In reading the complete McLuhan essay, I can easily see how prophetic the message, and messenger were. If you substitute just about any reference in the essay with the words “blog” or “cell phone,” the quote fits perfectly with some of today’s concerns. Perhaps reading this blog entry – with the McLuhan quote - will create the same resonance, reflection and ultimate acceptance I was able to garner ten years ago.
According to my research, interest in Marshall McLuhan’s life and work faded in the 1970s and apart from some communications majors, I sadly suspect that many people have never heard of Marshall McLuhan. He died in 1980 and was in ill health for the last decade of his life. Had he lived to witness today’s highly technological world, I’m pretty sure he would have been impressed. And I know he would have loved the Internet!
~John Brandt
*The complete essay may be read on-line.
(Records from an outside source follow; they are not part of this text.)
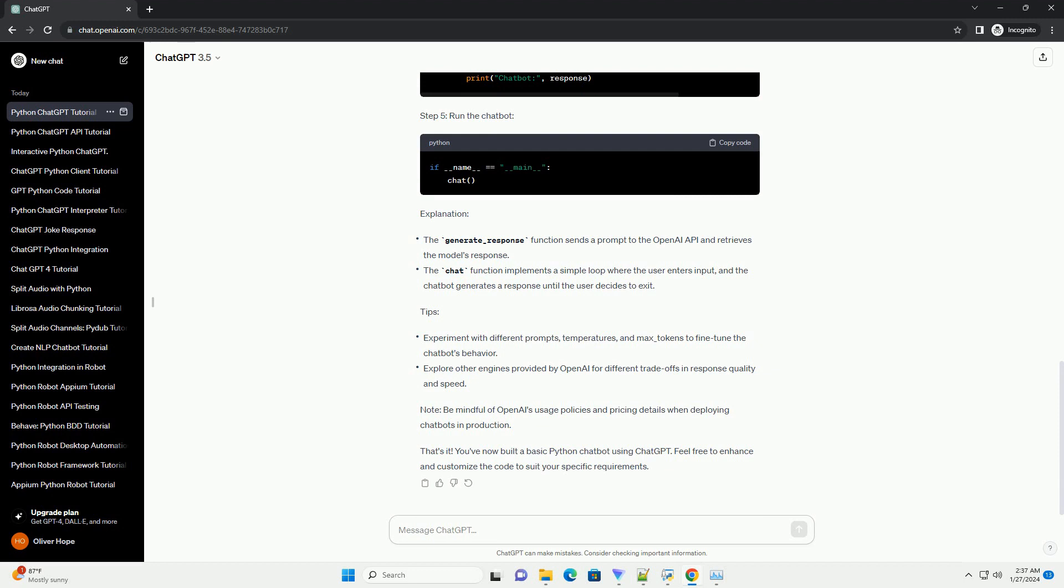Step 3: Define a function for interacting with ChatGPT. Step 4: Implement the main chat loop. Step 5: Run the chatbot.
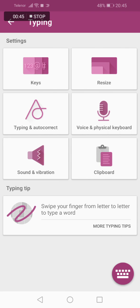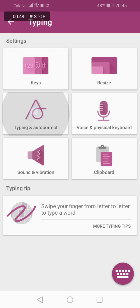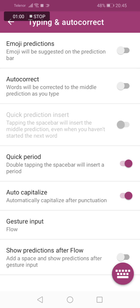Click on typing and autocorrect, and finally we are here. You have the option autocorrect - words will be corrected to the middle prediction as you type. Just turn off this option and no more annoying autocorrect.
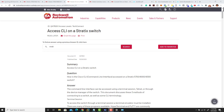In this video we're going to talk about HyperTerminal and recovering and checking a Stratix 5700, 5400, or even a Stratix 8000 using either HyperTerminal or PuTTY. In this case we're going to use HyperTerminal and I'm going to show you how to do that and how to set that up in your computer so you're actually successful.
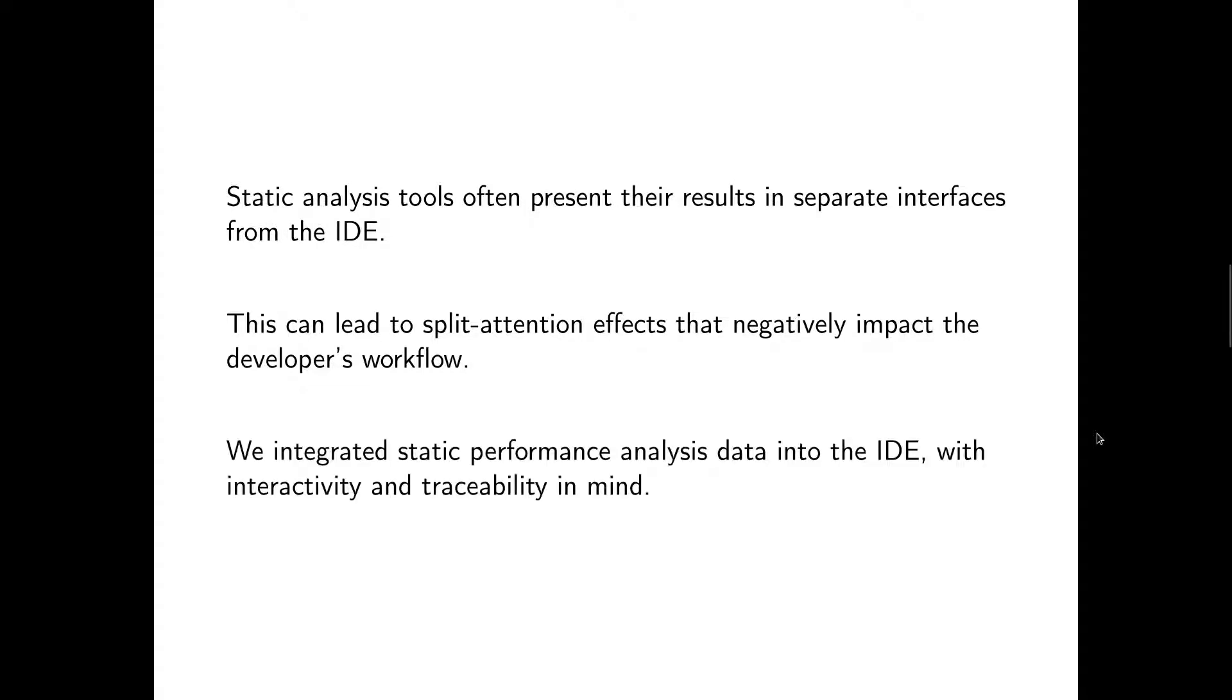So we integrated static performance analysis data into the IDE itself with both interactivity and traceability of the performance data in mind.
Note that I have dated the quote coming from an essay published in 1957 and the web reference dates to 1960. When I first wrote these notes ten years ago, I had the original quote and I am presuming it was and is correct. While indeed the quote is found in 1960 publication Explorations in Communication, this work was a compilation of essays written over the previous seven years for a magazine published by McLuhan and anthropologist Edmund S. Carpenter called Explorations (published from 1953 to 1959) so I suspect that the original date was in fact 1957.
While a three-year difference is not usually significant, in this case I believe it is. The period from 1957 to 1960 witnessed a major increase in the use of television and therefore the quote made in 1957 would be much more powerful.